Dengan adanya hasil penelitian itu, Pengamat dan Aktivis Pendidikan Jimmy Paat menyatakan, sejumlah pihak yang mendukung pembukaan sekolah tidak bisa lagi menggunakan alasan bahwa BDR tidak baik untuk psikolog anak.
“Yang tidak kalah menariknya para pendukung sekolah sebaiknya dibuka pakai “alasan” psikologi (anak). Tapi ternyata para psikolog menyarankan jangan dulu dibuka,” kata Dosen UNJ ini, Kamis 17 Desember 2020.

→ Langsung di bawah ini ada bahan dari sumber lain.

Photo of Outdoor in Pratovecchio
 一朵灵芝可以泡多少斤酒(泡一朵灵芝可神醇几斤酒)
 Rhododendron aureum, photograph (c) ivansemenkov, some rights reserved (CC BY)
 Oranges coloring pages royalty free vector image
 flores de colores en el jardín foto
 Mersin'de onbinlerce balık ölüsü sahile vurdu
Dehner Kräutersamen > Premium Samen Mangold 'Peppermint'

Dirinya pun mengaku, selama ini tidak menyarankan pemerintah untuk membuka sekolah. Ternyata, saran tersebut didukung oleh penelitian para Psikologi.
“Saya sendiri selama ini hanya pakai akal sehat yang menyarankan jangan buka sekolah. Ternyata pandangan saya bisa didukung oleh penelitian para psikolog,” katanya.
Di samping itu, Jimmy pun mengajak para pakar pendidikan untuk merefleksikan diri dan mencari tahu apakah Pendidikan Jarak Jauh yang sesungguhnya.
“Kita orang pendidikan seharusnya bicara di Pendidikan Jarak Jauh yang sesungguhnya. Pertanyaan yang harus dijawab para sarjana pendidikan atau paling tidak LPTK adalah apakah PJJ yang sesungguhnya sudah berjalan?” pungkasnya.
Penelitialn itu dilakukan IPK Indonesia yang didukung oleh Pusat Penelitian Kebijakan, Badan Penelitian dan Pengembangan dan Perbukuan Kemendikbud paad November 2020. Penelitian ini melibatkan 15.304 siswa di jenjang pendidikan SD (kelas 4-6), SMP, SMA, dan SMK sebagai partisipan. Mereka berasal dari sekolah-sekolah di 6 wilayah di Indonesia (Sumatera, Jawa, Kalimantan, Sulawesi, Bali, dan Nusa Tenggara, serta Maluku dan Papua).